Attorneys’ fees are not automatically awarded to the prevailing party. Attorneys’ fees generally may be awarded in three situations:

  • The statute under which the party alleged a claim provides for attorneys’ fees in event of a meritorious claim;
  • NFA Code § 12 provides that if a party files a frivolous or bad faith claim, raises a frivolous or bad faith defense or engaged in willful acts of bad faith during the arbitration, it must pay attorneys’ fees; and
  • If the parties had a contract which provides for an award of attorneys’ fees and the arbitral panel determines that fees were appropriate under the immediate circumstances.

The attorneys’ fee that the arbitrators award must be reasonable. In determining reasonableness the panel generally will request a copy of the attorney’s billings for the case. NFA Code § 12.

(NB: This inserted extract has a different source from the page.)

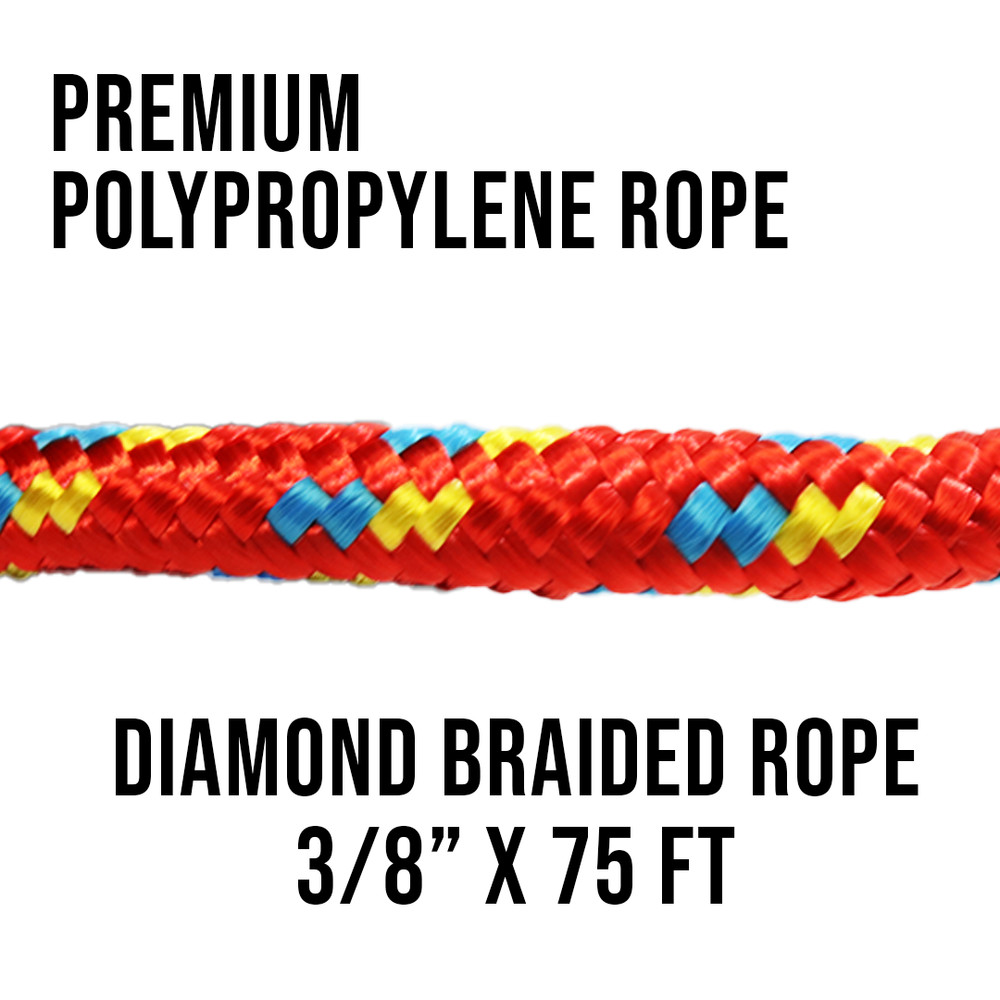 3/8" x 75' Utility Diamond Braided Polypropylene Multi Purpose Rope - BoxerTool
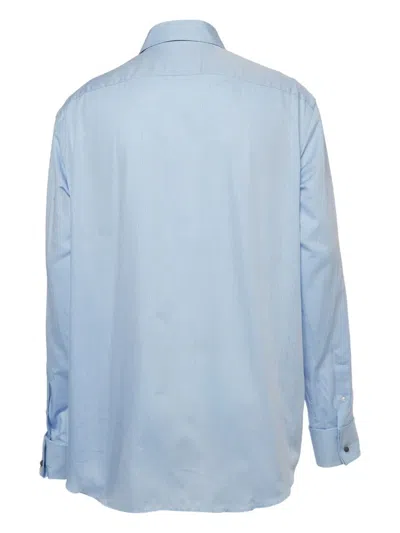 Pre-owned Hugo Boss  Cotton Stripe Shirt In Blue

If an attorney is paid by salary and not by the hour the arbitrators will decide what a commercially reasonable rate for work performed is. The panel has discretion to allow parties to submit arguments on what a commercially reasonable rate should be.24

Request for Modification of an Award

Parties may, within twenty days of the date of service of the award, make a request that the award be modified or corrected. Awards may be modified where there was a mathematical error, where arbitrators have made an award upon a matter not submitted before them or where the award is imperfect in matters of form not affecting the merits of the controversy. The NFA staff is responsible for reviewing all requests for modification and determining whether such modification should be transmitted to the panel for its consideration. NFA Code § 10(c).

Review by Courts

NFA awards are final and generally cannot be successfully appealed. NFA Code § 10(d). It is only in rare cases that an NFA award can be set aside and each state has it own requirements for vacating or modifying final arbitration awards. Under New York law, for example, there are a limited number of grounds upon which a court may vacate an award. Such grounds include:

  • The award was obtained by corruption, fraud or misconduct;
  • An arbitrator was obviously not impartial;
  • An arbitrator exceeded his power or so imperfectly executed it that a final and definite award upon the subject matter submitted was not made.

New York Civil Practice Law and Rules § 7511.

Conclusion

The NFA process is designed to reduce the time and costs of resolving disputes. While no dispute resolution process is perfect, NFA has been extremely effective in the futures industry.